Un milione e 340mila imprese, 3 milioni di occupati e un forte apporto al sistema dell’istruzione e del welfare di natura privata, così importante per agevolare la conciliazione tra tempi di vita e di lavoro delle famiglie. E’ questa l’ultima fotografia delle imprese femminili, scattata dall’Osservatorio per l’imprenditorialità femminile di Unioncamere e InfoCamere. Nella scelta di aprire una attività autonoma, sono molte le donne che preferiscono orientarsi verso i settori che offrono servizi alle famiglie, come quelli che si occupano di istruzione, o che operano nella sanità e nell’assistenza sociale. In questi ambiti, infatti, più di una impresa su tre è gestita da donne, con tassi di femminilizzazione, quindi, ben superiori a quello medio (22%). I dati al 30 settembre scorso mostrano che nell’Istruzione le 9.600 imprese femminili sono oltre il 30% del totale, con un aumento di circa 1.500 unità rispetto a settembre 2014.

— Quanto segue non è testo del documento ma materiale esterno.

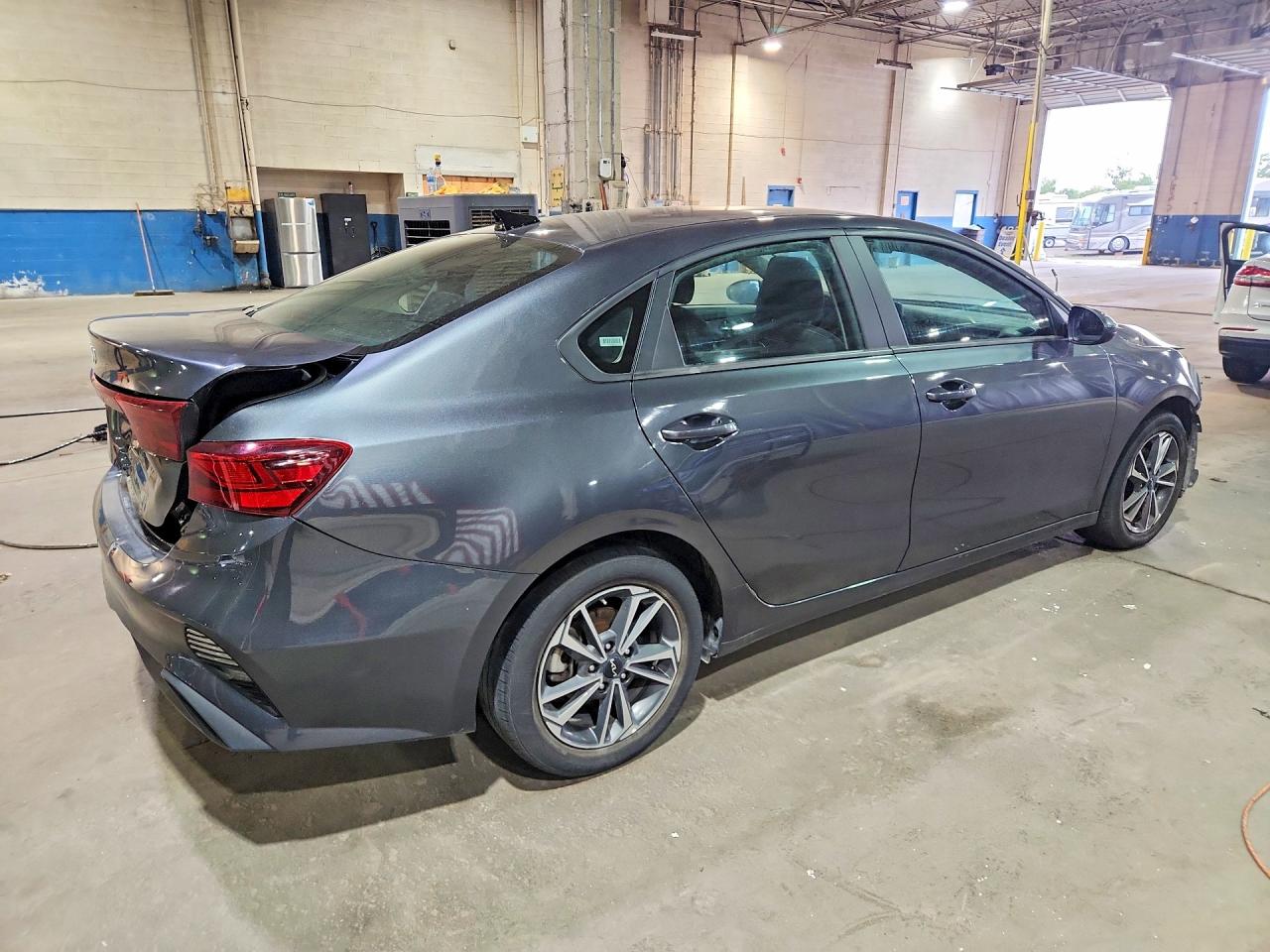 2024 KIA FORTE LXS — снимка 3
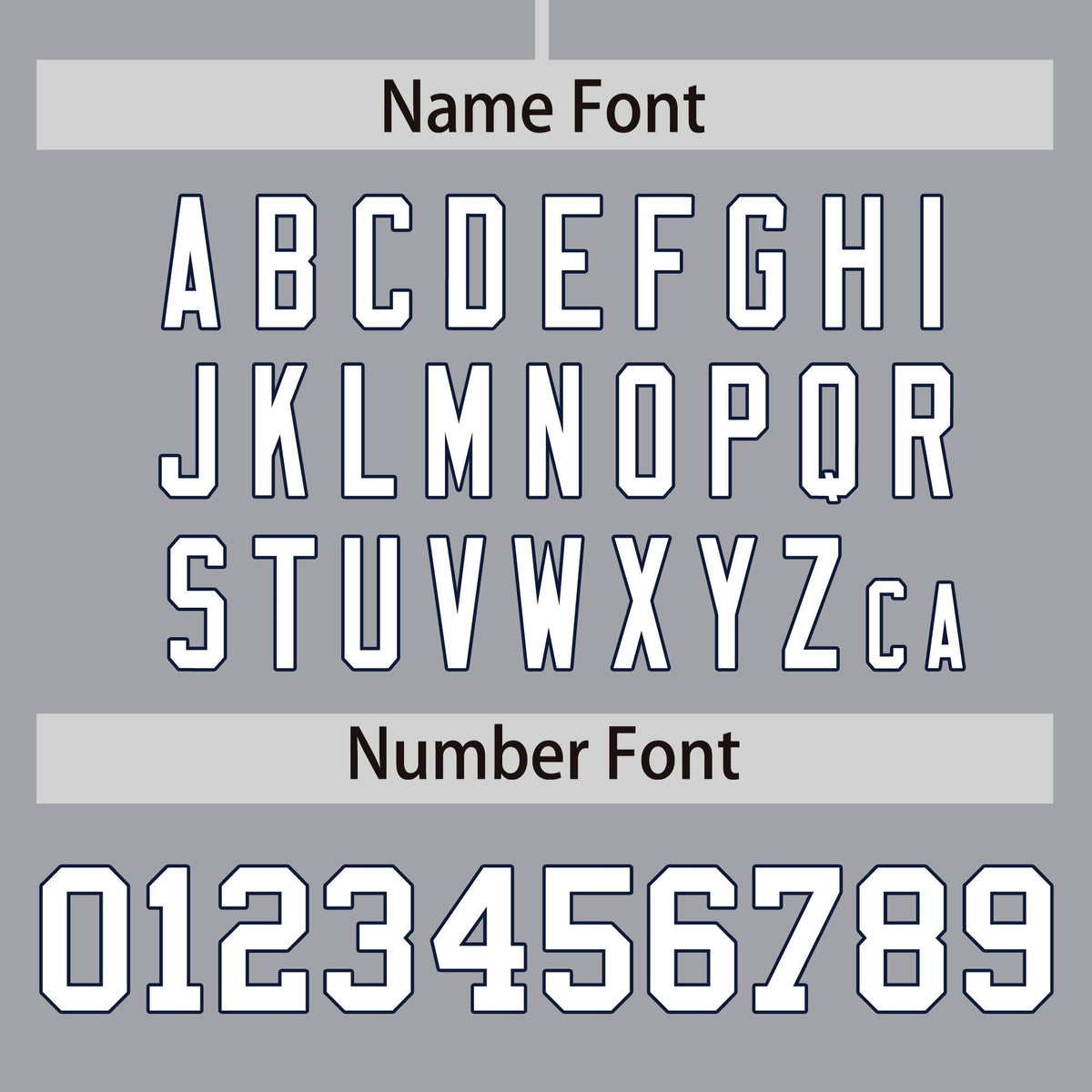 Custom Gray Navy Personalized Phonetic Rhythm Authentic Baseball Jersey | KXKSHOP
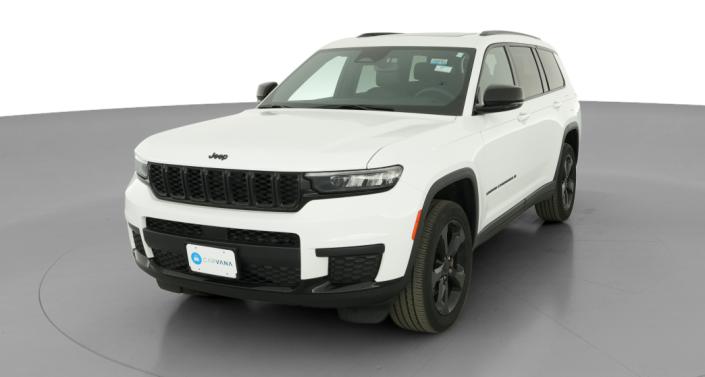 Thumbnail: 2023 Jeep Grand Cherokee L - 1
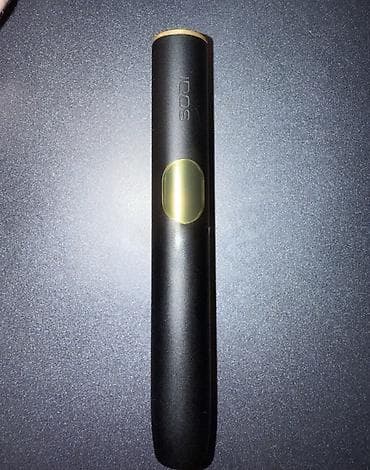 IQOS elektron tütün qurğusu – şarj qutusu və holder - Brend/model — 2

Nel campo sanitario e dell’assistenza sociale, poi, le 17mila imprese femminili oggi esistenti rappresentano quasi il 38% del totale, con un incremento di oltre 2.400 imprese rispetto a cinque anni fa e una forte specializzazione nella cura e nell’assistenza all’infanzia. A dimostrarlo sono le 3.400 attività femminili che gestiscono servizi di asili nido, baby-sitting e assistenza diurna per minori disabili, che sono quasi l’82% di quelle registrate (4.170) e risultano in aumento di circa 200 unità rispetto a 5 anni fa. Questa rete di imprese dedita alla cura dei bambini si configura, insomma, come una sorta di “soccorso rosa” per i papà e le mamme lavoratrici, e risulta particolarmente numerosa e fitta in alcune regioni (Lombardia e Lazio innanzitutto), meno diffusa, invece, nelle regioni più piccole, come Valle d’Aosta, Molise e la Basilicata.

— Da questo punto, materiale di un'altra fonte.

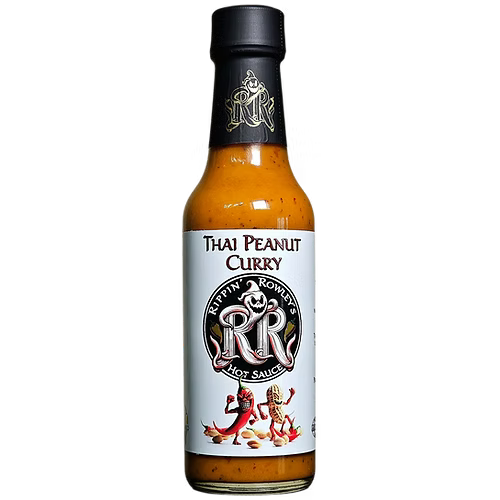 Rippin' Rowley's Thai Peanut Curry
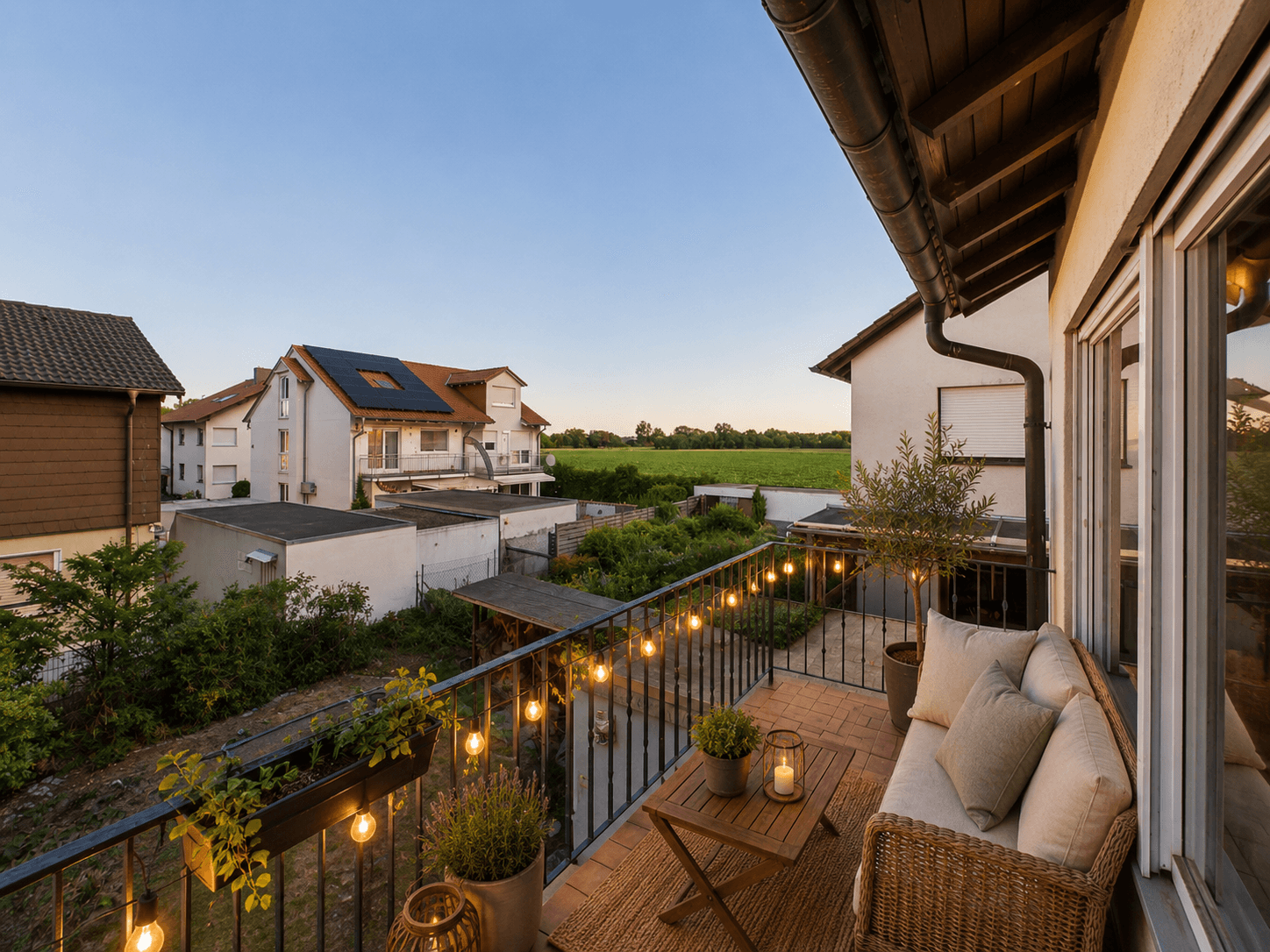 Familienhaus in ruhiger Sackgassenlage – Wohnen mit Garten, Garage und Kamin in Mutterstadt in 67112 Mutterstadt – DESEO Immobilien Mannheim 5/22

Guardando più da vicino i dati della nostra regione, il Molise conferma il più alto tasso di femminilizzazione in generale sulla totalità delle imprese. I settori con la maggiore presenza di imprenditrici sono, in ordine, le altre attività di servizi, la sanità e l’assistenza sociale, l’agricoltura, l’istruzione e le attività di alloggio e ristorazione. In particolare i dati relativi all’agricoltura sono in linea con i tassi di femminilizzazione delle regioni Abruzzo, Basilicata, Campania e Umbria. Regioni, quindi, del centro-sud Italia nelle quali la particolare conformazione geografica non ha storicamente consentito lo sviluppo del latifondo.
La nostra regione si dimostra invece fanalino di coda per il tasso di femminilizzazione nel settore delle Attività professionali, scientifiche e tecniche. Tasso più basso solo nel Trentino Alto Adige.